Immigration Act (Canada) (1976)
The Immigration Act of 1976 marked a significant shift in Canadian immigration policy in limiting the wide discretionary powers of the minister of manpower and immigration. One of its major provision, in Section 7, required the minister to consult with the provinces regarding demographic factors and levels of immigration. Although the act coordinated the policies established in the 1952 Immigration Act and the various regulations subsequently passed, for the first time it expressly stated the goals of Canadian immigration policy, including family reunion, humanitarian concern for refugees, and targeted economic development.
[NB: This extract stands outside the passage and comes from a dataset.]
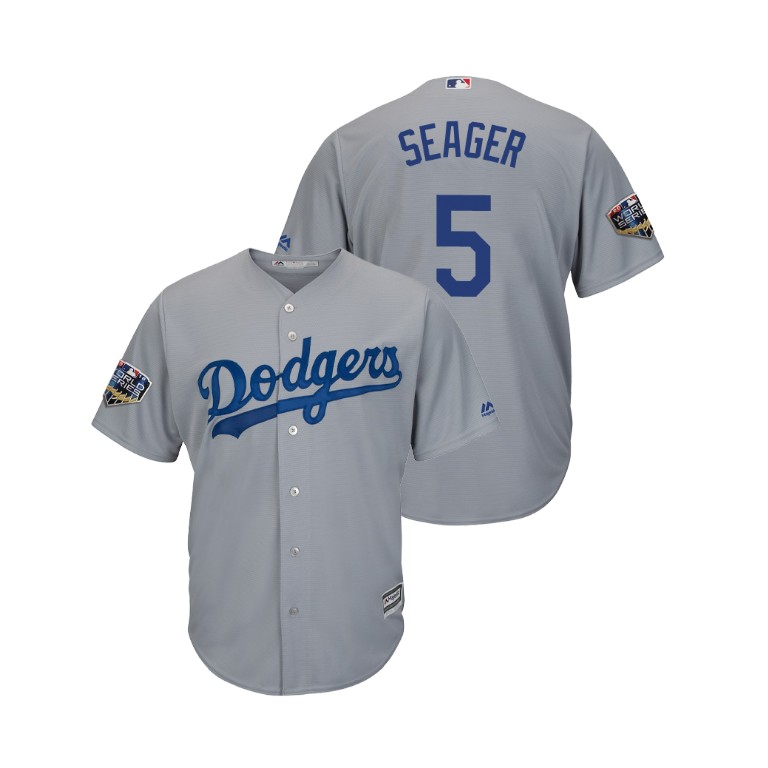 Los Angeles Dodgers Gray #5 Corey Seager Cool Base Jersey 2018 World Series Los Angeles Dodgers Gray #5 Corey Seager Cool Base Jersey 2018 World Series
The measure, along with its attending regulations, nevertheless continued to promote a “Canadians first” policy and was designed to “support the attainment of such demographic goals as may be established by the government of Canada from time to time in respect of the size, rate of growth, structure and geographic distribution of the Canadian population.” The act took effect on April 10, 1978. It was amended more than 30 times, including major revisions in 1985 and 1992, before being replaced in 2002 with the Immigration and Refugee Protection Act.
In 1973, the Department of Manpower and Immigration began a review of Canadian immigration policy, but an inadequate green paper led to nationwide public hearings on the matter under a special joint committee of the Senate and the House of Commons during 1975. The findings of the committee led directly to the Immigration Act of 1976. The new measure established three categories of immigrant: family class, independent class, and humanitarian class. Priority was given to family class immigrants. Independent immigrants, usually the most prosperous, applied on their own initiative and competed in a points system that suggested their ability to fill an economic need in Canada and to be successful. Within the independent class, skilled workers qualified under a nine-factor points system that assigned numerical values to education (16 points), vocational preparation (18 points), occupation demand (10 points), experience (8 points), arranged employment (10 points), demography (10 points), age (10 points), language (15 points), and personal suitability (10 points). A minimum of 70 points were required to qualify. Entrepreneurs were required to demonstrate that their ownership of a business would provide support for a minimum of six Canadians, exclusive of the entrepreneur’s family, and that they had a personal net worth of at least $300,000 and managerial experience. Investors were required to have a personal net worth of at least $500,000 and agree to invest a minimum of $250,000 in a Canadian company for a minimum of five years. Family-class immigrants, on the other hand, were exempt from the points requirements. Any Canadian citizen over 18 years of age could sponsor parents, grandparents over the age of 60, spouses or fiances, and unmarried children under 21, by guaranteeing 10 years of consecutive support. A subcategory in the family class was the assisted relative, requiring five years of support and subject to certain job-related and language qualifications. Finally, refugees were provided for as a part of the humanitarian obligation of the country, as defined by the 1951 United Nations Convention. The cabinet was given considerable latitude in easing entrance requirements for refugees, including the creation of categories of “displaced and persecuted” peoples who would not be required to meet normal entrance requirements for refugees.